Arturo Zampaglione is an Italian journalist and author . He is a former New York correspondent for La Repubblica, where he reported on global events for over two decades. Zampaglione is currently involved in projects promoting the study of Etruscan history and civilization, dividing his time between New York City and Rome. He taught international journalism at New York University and co-authored The Anti-Egalitarian Mutation with Nadia Urbinati.

== Biography ==
He was born on September 28, 1952 in Toronto, Canada into a prominent family, the grandson of Italian politician Giuseppe Spataro and the son of diplomat and author Gerardo Zampaglione. He graduated magna cum laude from the Sapienza University of Rome and earned a master's degree in international affairs from the Fletcher School of Law and Diplomacy at Tufts University.

== Career ==

=== Early work ===
Before pursuing journalism, Zampaglione worked in various capacities, including roles in the Italian Senate with the parliamentary group Sinistra Indipendente (Independent Left) and at organizations such as Confagricoltura and Lega delle Cooperative in Rome. During this period, he authored books on agricultural policy, including Un groviglio con undici nodi (1979), Guida alla Terra (1980), and Guida alla nuova agricoltura (1984).

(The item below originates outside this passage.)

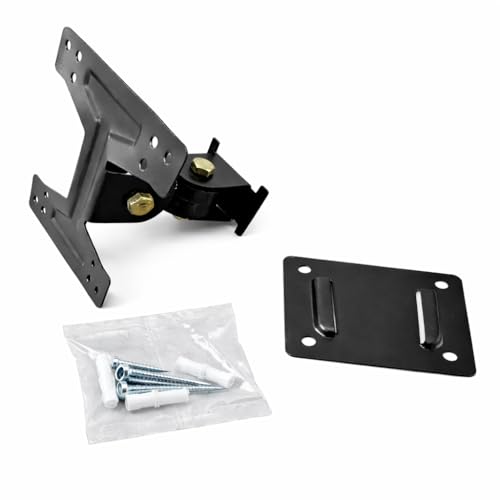 Image of TECHNOQUERY TV Stand Universal Slim Tilt & Swivel Full Motion TV Wall Mount Bracket for 14-26 Inch PC Monitor TFT LCD LED Plasma OLED Flat Curved Screen TVs, VESA 50x50mm 100x100mm 33Lbs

During the same period he published the book Caro Antonio. Le memorie di Pertini raccontate ai giovani in 1985.

=== Journalism ===
Zampaglione began his journalism career with L'Unità and later joined the economic weekly Il Mondo. In 1988, he was hired by Eugenio Scalfari, founder of La Repubblica, where he served as the New York Bureau Chief until 2003 and subsequently as a Special Correspondent.

His reporting covered economics, geopolitics, and social issues. Zampaglione was known for his on-the-ground coverage, including his immediate reporting from Ground Zero following the September 11 attacks.

Throughout his career, Zampaglione interviewed notable figures such as Bill Gates, Jeff Bezos, Tony Blair, Hillary Clinton, and Donald Trump.

Beyond his journalism career, Zampaglione has been involved in education and promoting cultural heritage. From 2007 to 2008, he taught a course titled Foreign Posting at the Arthur L. Carter Journalism Institute at New York University.

In 2013, Zampaglione, together with Alessandra Baldini, founded OnuItalia, the first online publication dedicated to documenting Italy's activities and role within the United Nations.

=== Projects on Etruscan civilization ===
In addition to his journalistic work, Zampaglione has demonstrated a strong interest in Etruscan history. He is the founder of two initiatives dedicated to the study and promotion of this ancient civilization. The first, Vulci nel Mondo, is a project aimed at reconstructing the identity of the Etruscan city of Vulci through the development of a virtual museum and a comprehensive artifact database. The second initiative, Etruscan Times, is an online publication that offers regular updates, research findings, and insights into various aspects of Etruscan civilization, contributing to a broader public understanding of this historically significant society.

==Personal life==
Zampaglione has been married three times, including to philosopher Giovanna Borradori, with whom he has two children, Gerardo and Lucia. He is currently married to Francesca Gnudi.

An enthusiastic cook, his special preparation of polenta was featured in The New York Times food section.